Records shown -

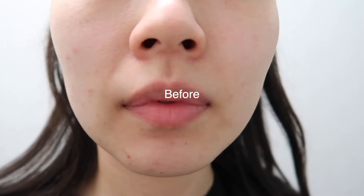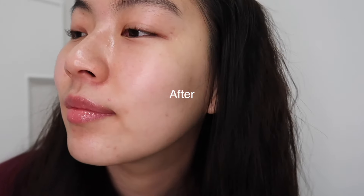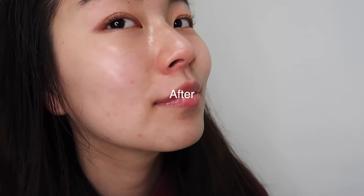Now I'm going to talk about what I think about this product. I want to let you know I'm not wearing any foundation — this is bare, naked skin. As you can see, there aren't any active acne spots. There are some scars, and okay, I have one active pimple, but my skin has calmed down so much after using this mask.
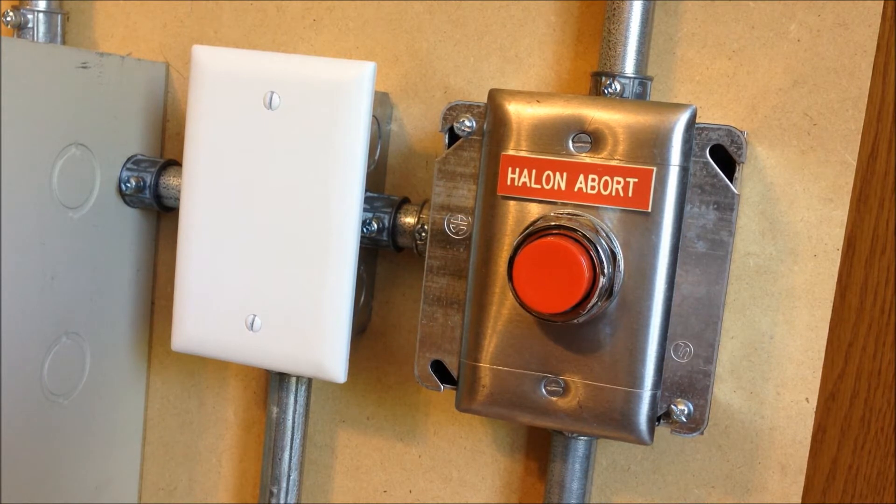Moving up from the pull stations is the Halon abort switch. It's a Fenwal model — they have their logo stamped on the back — mounted on a four-inch box with a single-gang adapter due to the large switch assembly. This is wired into the abort circuit and prevents the suppression agent from discharging if the button is held down. My panel is set to abort mode 2, which means activating the switch immediately pauses the delay timer and resets it to the original 30 seconds.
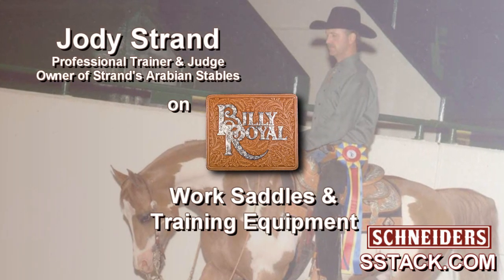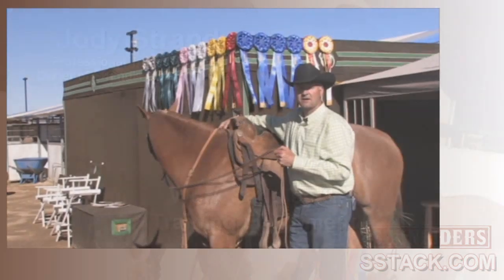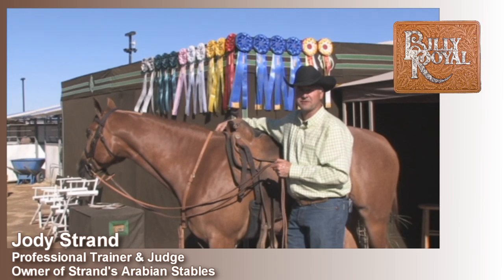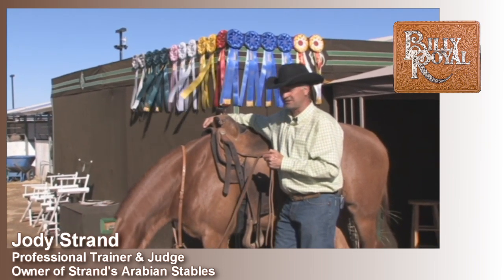Professional Horseman Jody Strand on Billy Royal Work Saddles and Training Equipment from Schneiders. Hi, I'm Jody Strand, manager and owner of Strand's Arabian Stables, and I'm going to talk to you a little bit about some of the Schneiders WorkTac that I like to use.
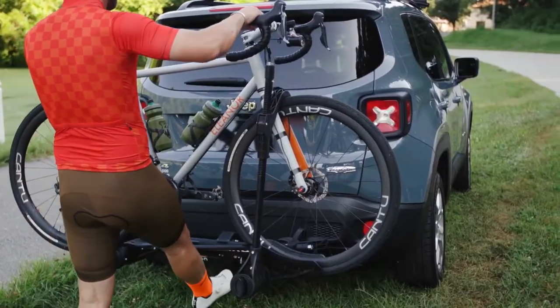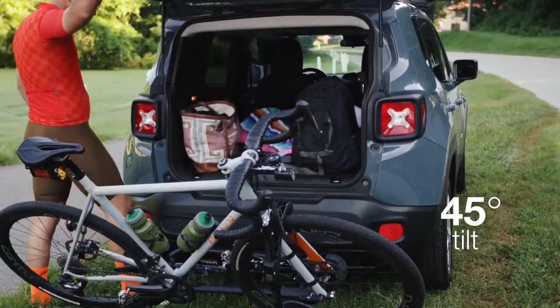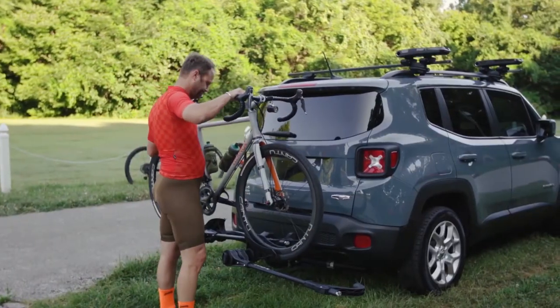Most of our hitch racks have a 45-degree tilt that makes it easy to access the trunk or hatch without taking your bikes off the rack. The U-Body design really allows you to get in there when loading and unloading your bikes.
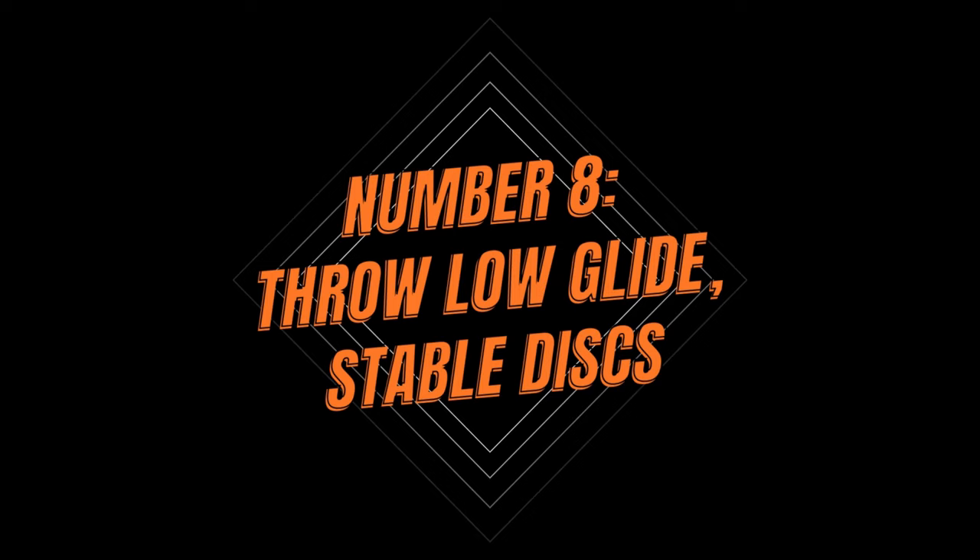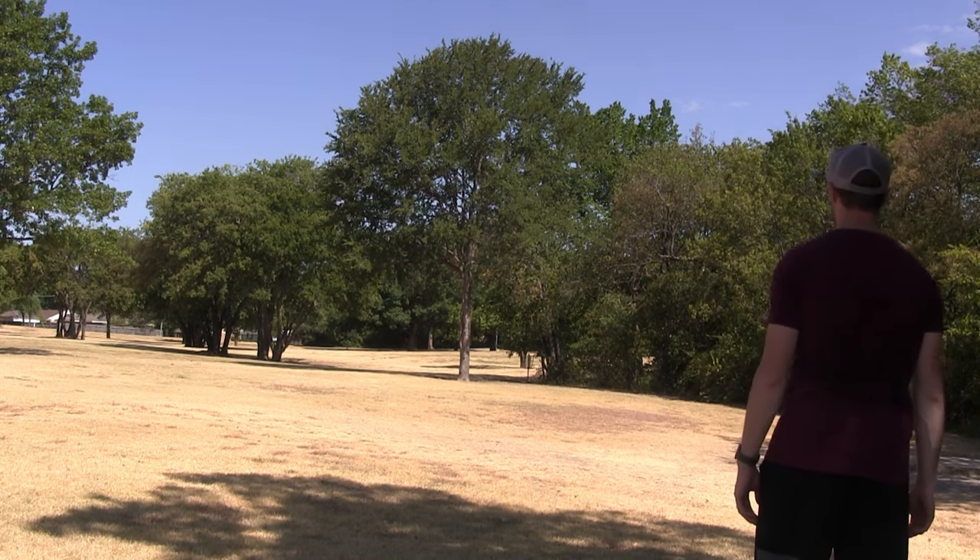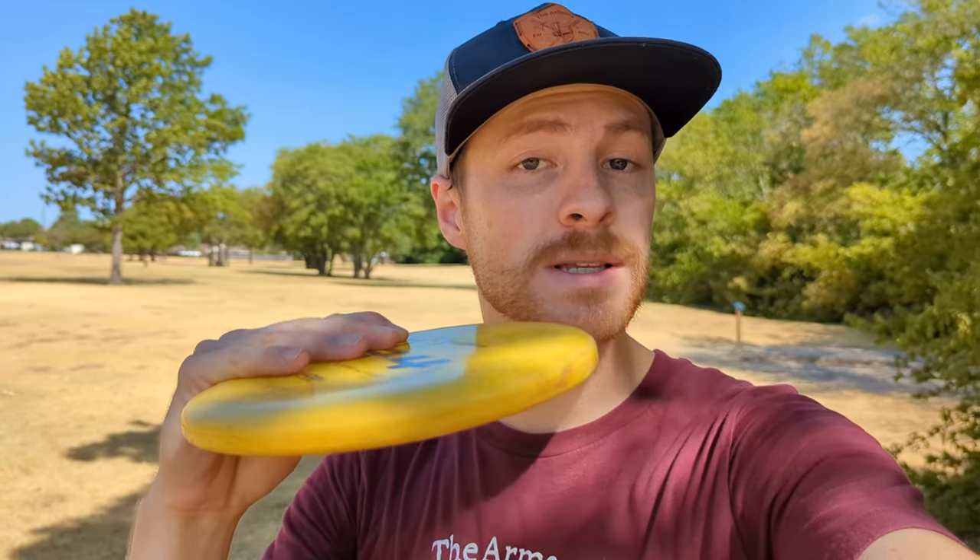My next tip continues the theme of reducing variance: select discs that have low glide and more stability. These discs are going to float past your target less — they're very predictable. They may not be best for maximum distance, but for approaching, there's a reason people have gone to discs like the Zone or the Pig for years. Missing my angle with a PA-4 by 10 degrees could mean it drifts right and never comes back, whereas if I throw my Pig or an A2 — the two overstable discs I like — it's still going to fade and come back at the end of the flight. It's predictable and it reduces variance.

Task goal - You need to restate all of the entries above exactly and leave the pictures behind.

Written reply -
Now I'm going to talk about what I think about this product. I want to let you know I'm not wearing any foundation — this is bare, naked skin. As you can see, there aren't any active acne spots. There are some scars, and okay, I have one active pimple, but my skin has calmed down so much after using this mask.
Moving up from the pull stations is the Halon abort switch. It's a Fenwal model — they have their logo stamped on the back — mounted on a four-inch box with a single-gang adapter due to the large switch assembly. This is wired into the abort circuit and prevents the suppression agent from discharging if the button is held down. My panel is set to abort mode 2, which means activating the switch immediately pauses the delay timer and resets it to the original 30 seconds.
Professional Horseman Jody Strand on Billy Royal Work Saddles and Training Equipment from Schneiders. Hi, I'm Jody Strand, manager and owner of Strand's Arabian Stables, and I'm going to talk to you a little bit about some of the Schneiders WorkTac that I like to use.
Most of our hitch racks have a 45-degree tilt that makes it easy to access the trunk or hatch without taking your bikes off the rack. The U-Body design really allows you to get in there when loading and unloading your bikes.
My next tip continues the theme of reducing variance: select discs that have low glide and more stability. These discs are going to float past your target less — they're very predictable. They may not be best for maximum distance, but for approaching, there's a reason people have gone to discs like the Zone or the Pig for years. Missing my angle with a PA-4 by 10 degrees could mean it drifts right and never comes back, whereas if I throw my Pig or an A2 — the two overstable discs I like — it's still going to fade and come back at the end of the flight. It's predictable and it reduces variance.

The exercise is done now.